With this information, any romantic perception from the song “Bad Habits” can be removed. Yet, that can be hard to do when the word “you” seems to refer to a romantic partner.
Although the “you” actually refers to a piece of himself, a side that’s not good, because it’s the side that indulges in his bad habits, which is exposed when Ed says, “Every pure intention ends when the good times start.” And when this happens, he says, “I'll lose control of the things that I say/ Yeah, I was lookin' for a way out, now I can't escape.”
His acknowledgment of his bad habits is what leads him to “late nights endin’ alone/ Conversations with a stranger I barely know,” which illustrates how he ends up talking to himself about what he has done.
To add on, The word “stranger” emphasizes the ‘other’ that exists in him. Though the fact that he had conversations with them, the word “stranger” also demonstrates the outside body experience of reflection and not understanding how or why this horrible side exists since it’s not who he is.
At the same time, the word “alone” expresses the feeling of guilt and helplessness with his internal battle of bad habits. So when he says, “Swearin' this will be the last, but it probably won’t,” he confirms that he has an addiction.
However, Ed heals. The lyrics don’t express that, but his video does.

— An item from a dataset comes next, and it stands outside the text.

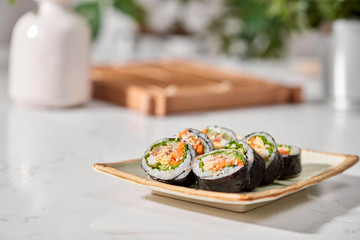Korean roll Gimbap(kimbob) made from steamed white rice (bap) and various other ingredients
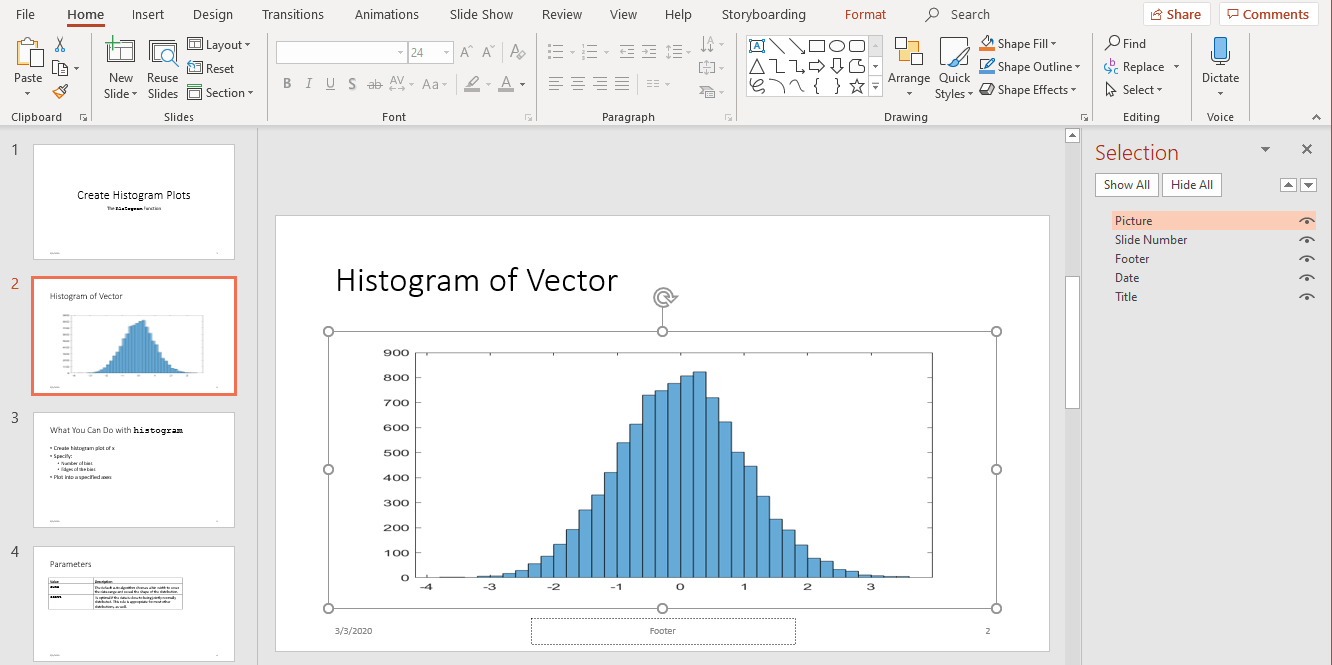 The PowerPoint Normal View with the "Histogram Of Vector" slide selected and the Picture name highlighted in the Selection pane.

In his music video for “Bad Habits,” Sheeran’s a vampire, revealing that he’s a different person when he indulges in his bad habits, which is emphasized when a dummy of himself melts in his hands as CGI people flip and bounce around him.
Seemingly chaotic and random to view, it’s the safe’s way to express the destruction his bad habits have on the people around him. But when the sun comes up, the makeup of Vampire Ed disappears as the sunlight showers him and becomes the original Ed again, which can have two meanings. One, this can support that he’s a different person at night, or two, he learned to heal.
In my opinion, he learned to heal since the group of monsters who were with him decide to hide when the sun comes up. When this happens, I see it as their unwillingness to change since Ed let himself return to who he was before his addictions. And because he changed for his daughter, I also think of this as Ed’s rebirth. But maybe I’m going a bit far with that.
Ultimately, the song “Bad Habits” is Ed’s personal story of his bad habits while revealing a new era of music with his upcoming album that reflects his life in the past four years.
He's gone through so many changes, which his new music will align with. So, for now, we’re left curious until he releases his album at the end of the year.